Lie-detection kiosk detects dishonesty with high degree of accuracy
Though people are capable of telling a lot of lies, it's often difficult to tell when others are the ones stretching the truth. A group of engineers have developed a lie-detecting kiosk that uses facial landmarks to detect deception. The technology could become the newest form of border security.
Engineers have developed a potential new tool for border security — lie-detection kiosks.
The talking and interactive Embodied Avatar kiosk detects deception by monitoring and measuring vocal tone, eye movement and body movement.
In a report for Wired Magazine, Adam Higginbotham, a New York-based journalist, says humans lie often, but usually are unable to detect lying in others.
"The balance of research so far suggests that you or I can only spot when someone is telling us a lie 54 percent of the time," he said. "Although people have been building lie-detecting machines for almost 100 years, no one has ever really established what the basic facts of how we behave when we tell lies."

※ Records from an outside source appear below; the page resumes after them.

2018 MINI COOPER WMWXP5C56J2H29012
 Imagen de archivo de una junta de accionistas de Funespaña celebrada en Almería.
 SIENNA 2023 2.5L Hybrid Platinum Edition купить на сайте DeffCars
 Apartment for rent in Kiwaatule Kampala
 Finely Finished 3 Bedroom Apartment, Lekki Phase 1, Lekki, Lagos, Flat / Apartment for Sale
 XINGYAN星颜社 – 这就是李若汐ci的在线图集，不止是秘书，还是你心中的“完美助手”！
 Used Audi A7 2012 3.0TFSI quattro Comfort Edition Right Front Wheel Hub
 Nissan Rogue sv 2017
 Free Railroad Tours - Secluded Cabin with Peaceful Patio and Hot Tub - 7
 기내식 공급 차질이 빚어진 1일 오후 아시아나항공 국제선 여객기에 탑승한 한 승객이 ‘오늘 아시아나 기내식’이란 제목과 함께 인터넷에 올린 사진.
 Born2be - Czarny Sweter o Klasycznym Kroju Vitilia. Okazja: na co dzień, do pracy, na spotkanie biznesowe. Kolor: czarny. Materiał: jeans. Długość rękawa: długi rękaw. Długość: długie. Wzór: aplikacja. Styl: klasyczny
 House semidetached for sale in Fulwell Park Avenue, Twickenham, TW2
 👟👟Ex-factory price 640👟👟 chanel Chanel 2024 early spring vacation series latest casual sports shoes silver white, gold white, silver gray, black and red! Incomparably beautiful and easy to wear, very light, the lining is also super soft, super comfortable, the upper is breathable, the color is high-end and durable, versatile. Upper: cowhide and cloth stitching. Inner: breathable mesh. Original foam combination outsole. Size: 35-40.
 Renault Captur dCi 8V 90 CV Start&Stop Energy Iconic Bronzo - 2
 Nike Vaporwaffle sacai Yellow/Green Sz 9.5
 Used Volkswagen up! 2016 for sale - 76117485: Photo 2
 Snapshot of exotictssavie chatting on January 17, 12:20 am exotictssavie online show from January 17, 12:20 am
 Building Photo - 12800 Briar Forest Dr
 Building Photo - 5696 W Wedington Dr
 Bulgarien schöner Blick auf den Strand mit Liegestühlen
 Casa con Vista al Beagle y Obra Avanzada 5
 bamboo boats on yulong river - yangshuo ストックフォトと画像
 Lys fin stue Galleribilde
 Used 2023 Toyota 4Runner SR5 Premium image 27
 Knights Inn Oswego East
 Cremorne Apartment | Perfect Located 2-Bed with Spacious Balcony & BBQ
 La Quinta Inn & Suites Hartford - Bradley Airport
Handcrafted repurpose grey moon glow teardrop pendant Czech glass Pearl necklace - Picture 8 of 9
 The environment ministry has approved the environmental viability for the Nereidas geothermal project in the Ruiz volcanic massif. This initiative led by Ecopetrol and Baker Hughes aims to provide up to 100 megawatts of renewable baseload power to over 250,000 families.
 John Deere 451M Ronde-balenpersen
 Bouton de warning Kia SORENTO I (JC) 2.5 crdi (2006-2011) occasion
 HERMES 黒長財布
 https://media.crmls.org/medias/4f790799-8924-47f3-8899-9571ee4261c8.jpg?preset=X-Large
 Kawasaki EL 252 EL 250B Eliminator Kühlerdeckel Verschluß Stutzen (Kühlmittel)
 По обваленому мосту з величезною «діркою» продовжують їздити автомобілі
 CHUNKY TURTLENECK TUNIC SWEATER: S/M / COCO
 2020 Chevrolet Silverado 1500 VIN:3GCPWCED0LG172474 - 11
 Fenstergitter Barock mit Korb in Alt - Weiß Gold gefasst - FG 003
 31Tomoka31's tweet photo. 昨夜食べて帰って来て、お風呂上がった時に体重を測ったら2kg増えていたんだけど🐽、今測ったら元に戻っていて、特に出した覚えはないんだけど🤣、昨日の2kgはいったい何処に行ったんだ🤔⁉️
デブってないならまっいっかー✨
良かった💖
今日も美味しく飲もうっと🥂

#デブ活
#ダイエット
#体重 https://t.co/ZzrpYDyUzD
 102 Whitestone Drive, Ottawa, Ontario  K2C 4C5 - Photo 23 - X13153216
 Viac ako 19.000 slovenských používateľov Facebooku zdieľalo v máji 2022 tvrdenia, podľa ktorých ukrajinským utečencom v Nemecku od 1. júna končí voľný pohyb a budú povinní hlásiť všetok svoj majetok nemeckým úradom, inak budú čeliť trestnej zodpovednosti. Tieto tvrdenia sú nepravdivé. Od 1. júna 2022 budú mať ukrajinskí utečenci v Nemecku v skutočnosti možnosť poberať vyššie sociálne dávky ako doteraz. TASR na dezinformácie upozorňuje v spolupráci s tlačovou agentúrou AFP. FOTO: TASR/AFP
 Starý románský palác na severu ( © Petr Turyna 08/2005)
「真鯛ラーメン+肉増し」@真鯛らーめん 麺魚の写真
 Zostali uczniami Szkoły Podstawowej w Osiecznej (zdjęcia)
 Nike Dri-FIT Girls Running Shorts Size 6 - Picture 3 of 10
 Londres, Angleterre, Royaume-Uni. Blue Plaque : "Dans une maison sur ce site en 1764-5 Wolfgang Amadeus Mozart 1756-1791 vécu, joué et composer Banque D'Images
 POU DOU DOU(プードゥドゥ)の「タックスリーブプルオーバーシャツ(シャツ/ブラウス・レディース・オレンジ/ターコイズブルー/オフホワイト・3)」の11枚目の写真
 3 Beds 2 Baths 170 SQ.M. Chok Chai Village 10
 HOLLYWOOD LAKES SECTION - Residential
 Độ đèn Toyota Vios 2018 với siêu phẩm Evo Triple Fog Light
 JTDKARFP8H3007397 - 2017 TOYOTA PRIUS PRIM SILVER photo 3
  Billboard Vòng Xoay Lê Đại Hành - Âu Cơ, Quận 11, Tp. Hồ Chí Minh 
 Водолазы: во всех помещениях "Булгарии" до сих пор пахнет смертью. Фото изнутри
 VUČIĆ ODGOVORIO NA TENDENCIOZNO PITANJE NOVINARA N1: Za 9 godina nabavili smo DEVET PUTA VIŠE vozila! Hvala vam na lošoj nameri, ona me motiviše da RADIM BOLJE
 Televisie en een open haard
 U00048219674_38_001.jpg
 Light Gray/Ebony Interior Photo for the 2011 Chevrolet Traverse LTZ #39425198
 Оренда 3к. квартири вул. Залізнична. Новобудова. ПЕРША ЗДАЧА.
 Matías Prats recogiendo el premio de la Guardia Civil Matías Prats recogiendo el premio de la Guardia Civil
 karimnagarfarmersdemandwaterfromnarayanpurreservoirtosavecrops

Most people are familiar with the polygraph machine for lie detection, which is a box connected to a person through a blood pressure monitor and electrodes. The machine requires a trained polygraph examiner to read the machine's data and determine if someone is likely lying.
The avatar kiosk, on the other hand, does everything on the spot through the use of a computer-generated person that appears on the screen to ask questions.
The kiosk then analyzes the data against its algorithim, which includes the way subjects' eyes dilate and where their gaze moves, Higginbotham said. This information is then combined with a voice stress analysis to predict whether someone is being truthful.
"While one of these things might achieve a success rate in detecting lies of slightly better than chance, when (scientists) put all of them together what they found is they could get more than 90 percent," he said.
But even if someone is good at lying, the machine determines if there are irregularities in your behavior and can decide if you're being deceptive by recognizing key facial signals — called landmarks, Higginbotham said.
"The landmarks are a series of points of movement on the face so, the ends of the eyebrows and the ends of the nose and the ends of the mouth. The computer will track whether or not you're smiling or whether you're turning away, or whether you're looking up," he said.
Higginbotham said law enforcement agencies could greatly improve their rate of identifying untruths through a system like this.